Chen Junwu (陈俊武; March 17, 1927 – May 1, 2024) was a Chinese engineer and an academician of the Chinese Academy of Sciences (CAS).

==Biography==
Chen was born in Beijing, on March 17, 1927, while his ancestral home in Changle, Fujian. His father Chen Xunchang, a graduate from Waseda University, was a politician in late Qing dynasty and early Republic of China. He is the younger brother of Chen Shunyao ( the wife of Song Ping ) and brother in law of Song Ping. He attended Chongde Middle School (now Beijing No.31 High School). In 1944 he was accepted to Peking University, majoring in the Department of Applied Chemistry, where he graduated in 1948.

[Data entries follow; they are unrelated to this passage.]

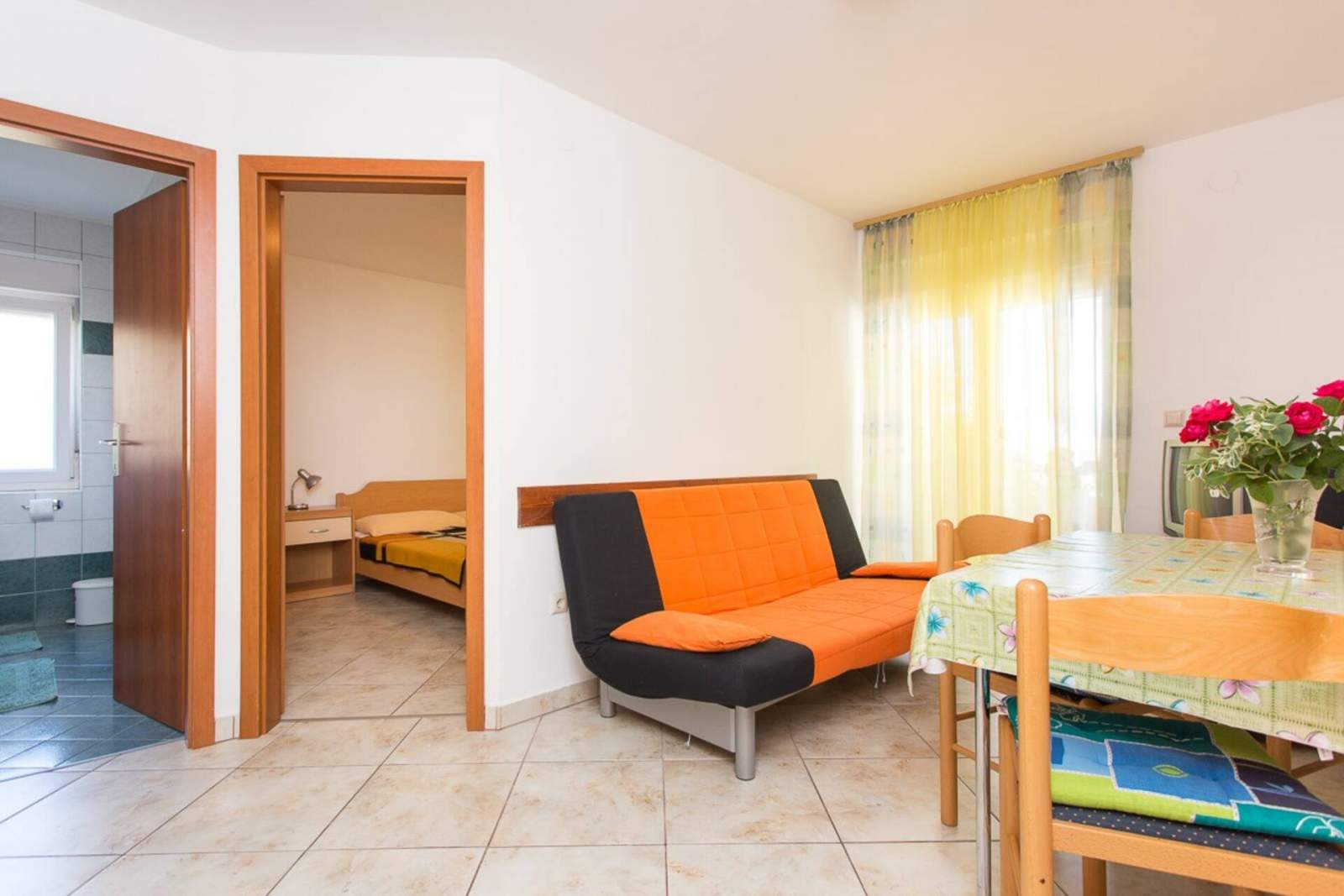 Appartamento Mrakovcic n. 4 - con balcone, a 350 m dalla spiaggia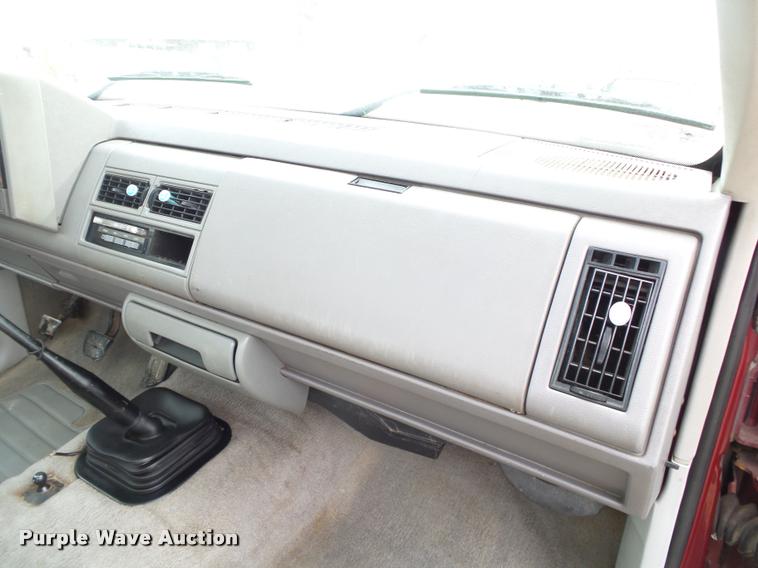 image for item DA2541 1993 Chevrolet Silverado 3500 flatbed pickup truck
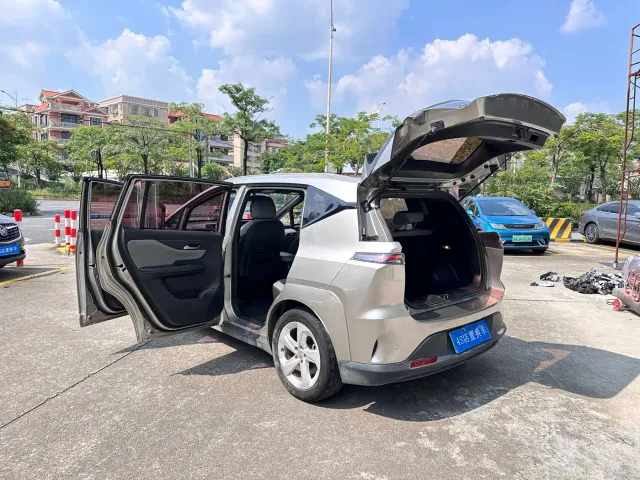 Hycan Z03 — Фото автомобиля 23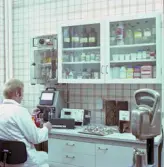 Kemist i arbete vid Durotapet AB.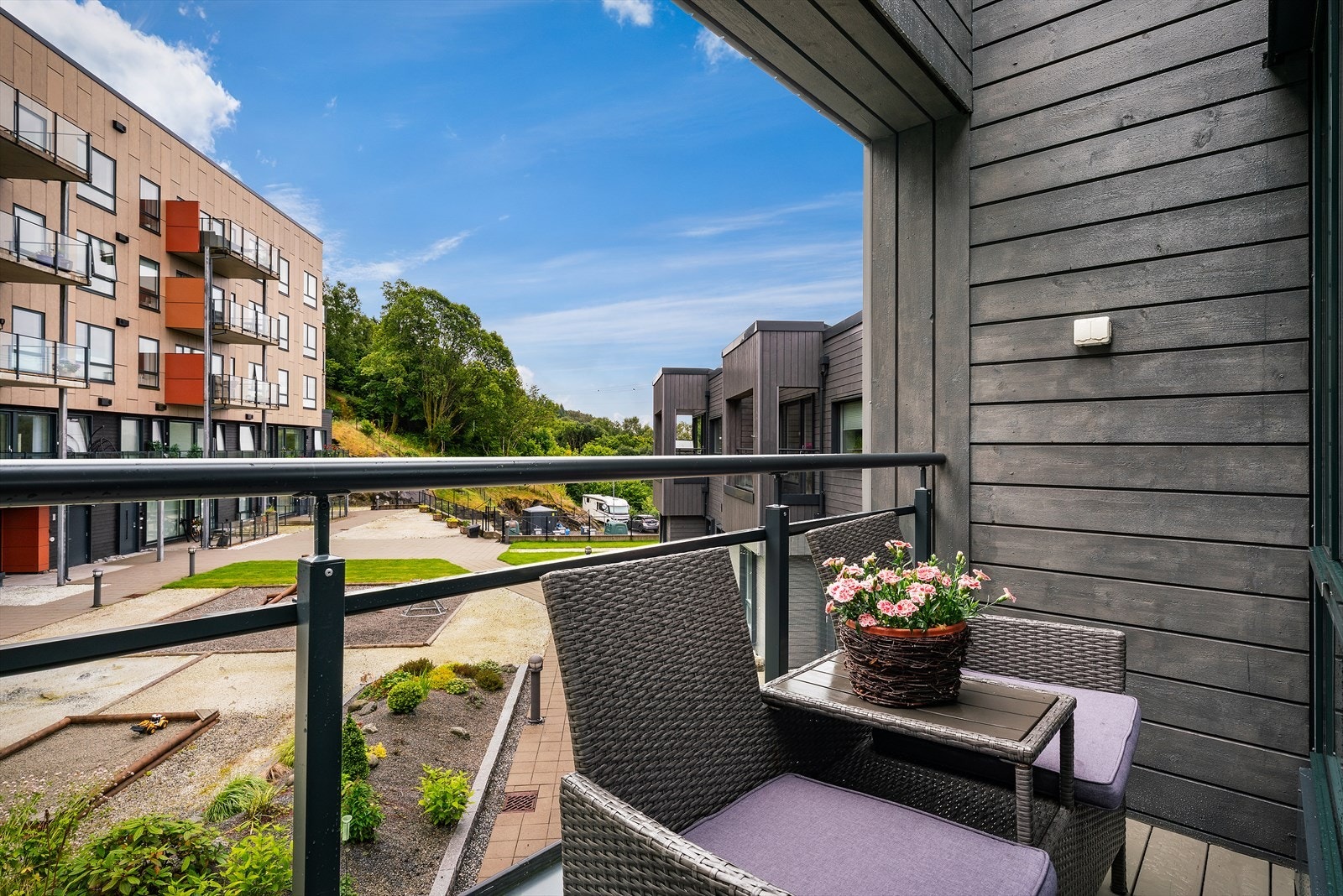 - Denne terrassen måler 2,9 m² og er vendt mot sameiets fellesarealer - Galleribilde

In December 1949 he became a technician at the Artificial Oil Factory of Fushun Mining Bureau (later renamed as the 3rd Petroleum Factory). He joined the Chinese Communist Party (CCP) in April 1956. That same year he was transferred to the Fushun Design Institute of the Ministry of Petroleum Industry. Three years later, he was appointed an architect at Datong Coal Refinery Plant. In 1969, he moved with Fushun Design Institute to Zhangwu Township of Yiyang County in central China's Henan province. In 1982 he joined Sinopec. In 1985, Luoyang Refinery Design and Research Institute was renamed Luoyang Petrochemical Engineering Company, and he transitioned from being the institute's dean to serving as its manager. In 1992, he was selected as a representative of the 14th National Congress of the Chinese Communist Party. On 7 October 2019, he was granted the title "Role Model of the Times" by the Publicity Department of the Chinese Communist Party.

In 2018, Chen Junwu's biography was published, written by Zhang Wenxin (张文欣), a well known Luoyang-based author. He was absent to attend the funeral of his elder sister Chen Shunyao on August 3. 2019.

Chen died in Luoyang, Henan, on 1 May 2024, at the age of 97.
In 2026, He was awarded the July 1 Medal posthumously.

== Family ==
Chen married Wu Ningfang (吴凝芳) and the couple had two daughters, Chen Ling (陈玲) and Chen Xin (陈欣). Chen Shunyao is his older sister.

==Honours and awards==
- 1985 National Labor Medal
- 1985 State Science and Technology Progress Award (First Class) for the 500000 tons/year coaxial catalytic cracking unit at Lanzhou Refinery
- 1987 State Science and Technology Progress Award (First Class) for catalytic cracking engineering technology.
- 1991 Member of the Chinese Academy of Sciences (CAS)
- 2014 State Technological Invention Award (First Class) for methanol to low carbon olefins (DMTO) technology.